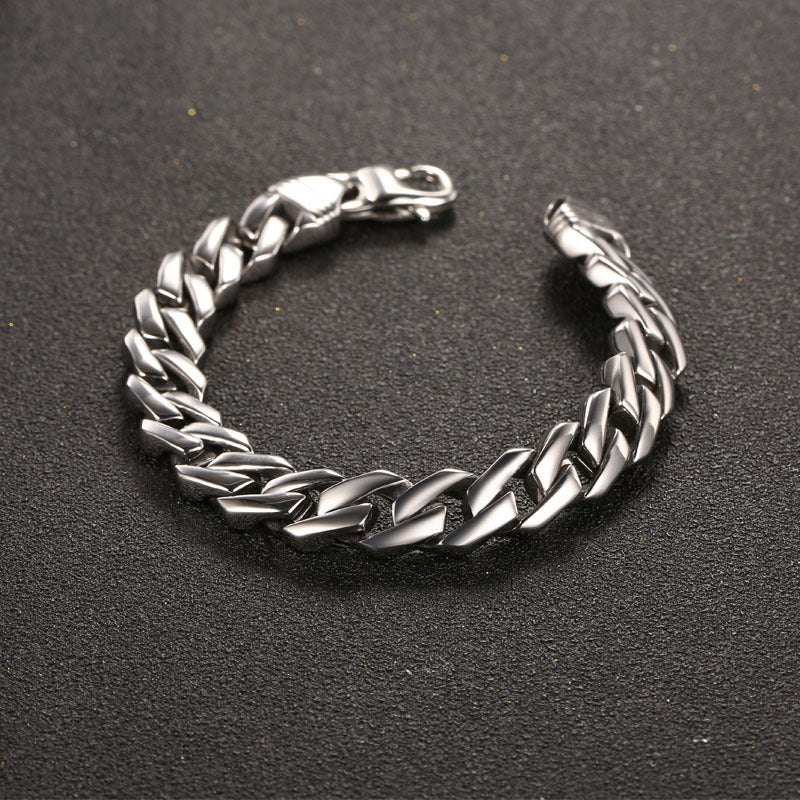 Punk Style Titanium Steel Bracelet for Trendsetting Men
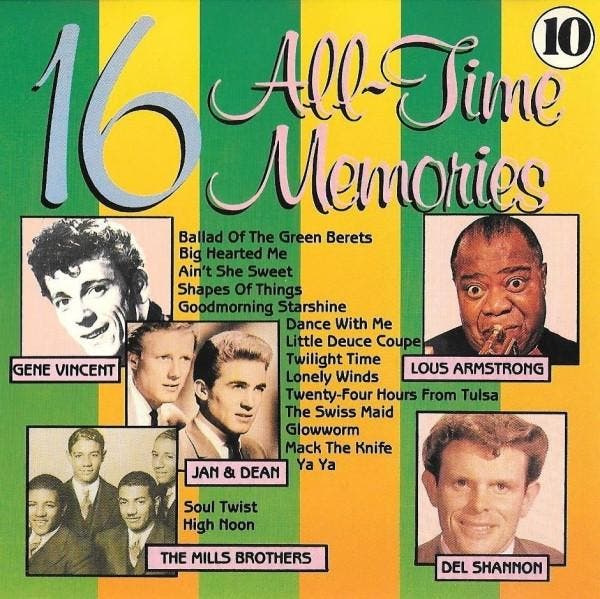 Various - 16 All-Time Memories 10, CD & DVD, CD | Pop, Envoi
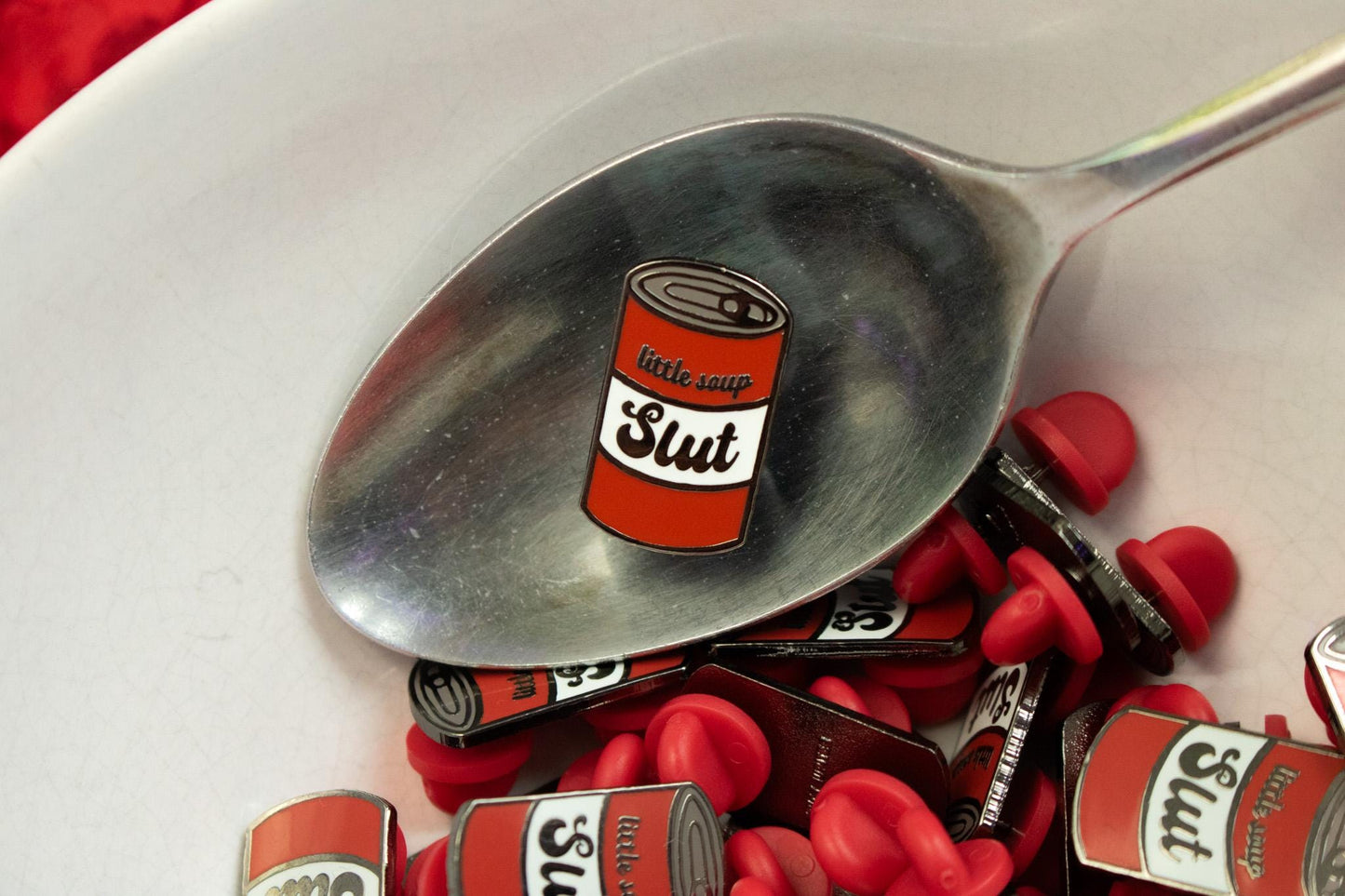Little Soup Slut Enamel Pin
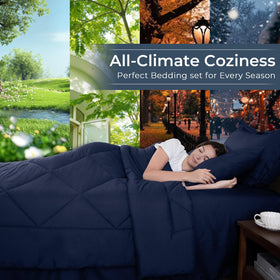HEVUMYI brushed microfiber fabric delivers breathable, whisper-quiet comfort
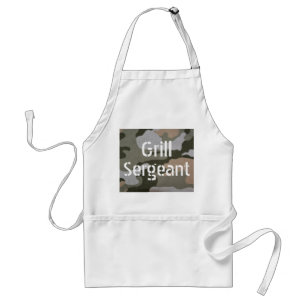 Camouflage Green Grill Sergeant Cooking Apron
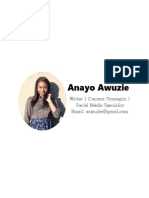 Anayo Awuzie's Portfolio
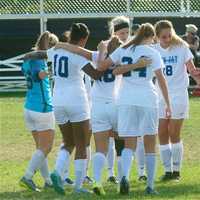 <p>The defending sectional champion John Jay High girls soccer team rolled out the welcome mat Tuesday for North Rockland in a replay of last year&#x27;s Class AA championship game.</p>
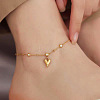 Titanium Steel Charm Anklets for Women WG18C2B-36-1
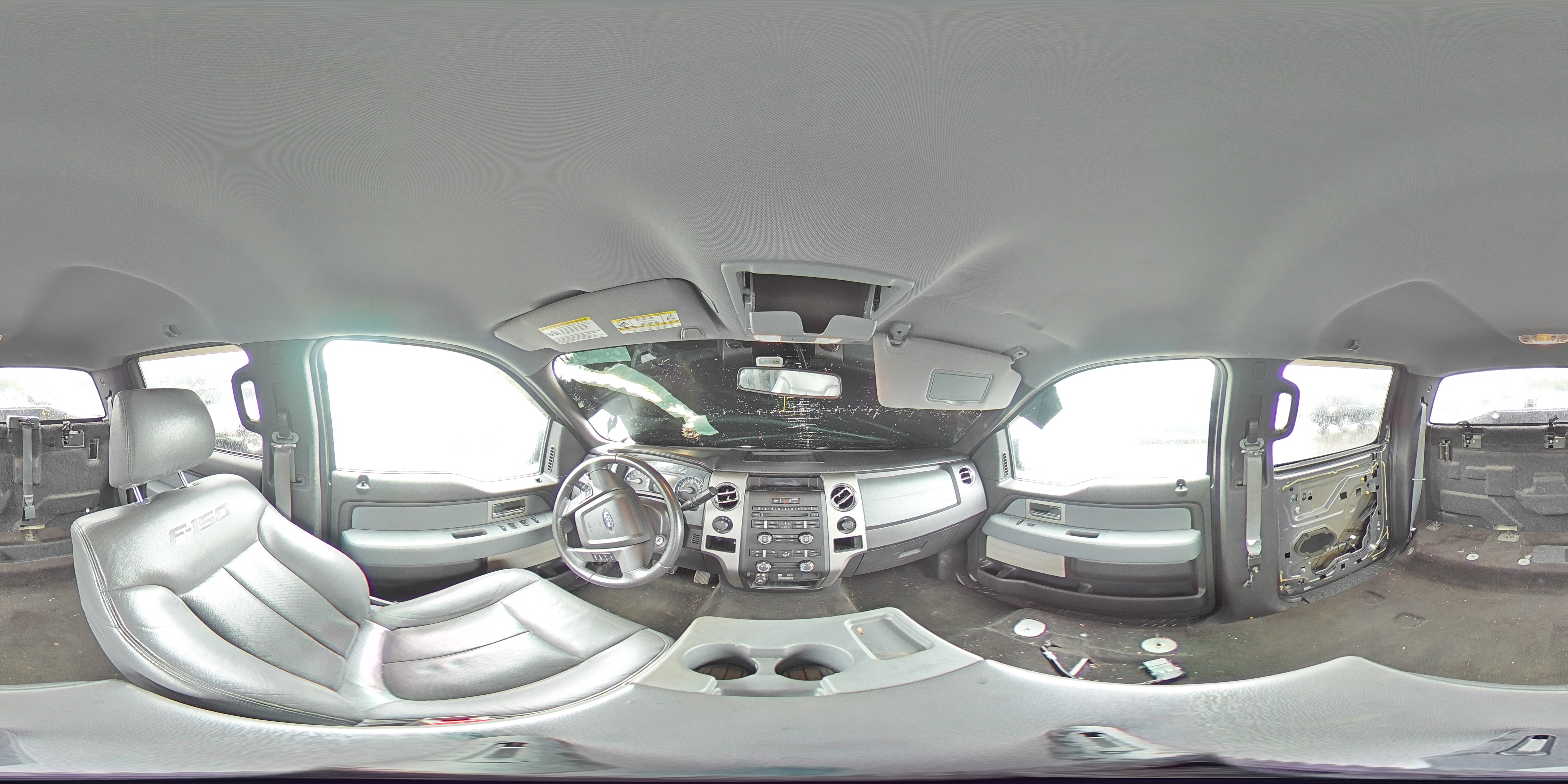2011 Ford F-150 VIN 1FTFW1EF8BFC43440 Copart auction photo, vandalism / front end damage thumbnail 12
++++++
● What is needed: Reproduce, with no pictures, the lines from the one containing "<p>The defending sectional" to the end of the records above, exactly and inclusively.

● Response below:
 <p>The defending sectional champion John Jay High girls soccer team rolled out the welcome mat Tuesday for North Rockland in a replay of last year&#x27;s Class AA championship game.</p>
 Titanium Steel Charm Anklets for Women WG18C2B-36-1
2011 Ford F-150 VIN 1FTFW1EF8BFC43440 Copart auction photo, vandalism / front end damage thumbnail 12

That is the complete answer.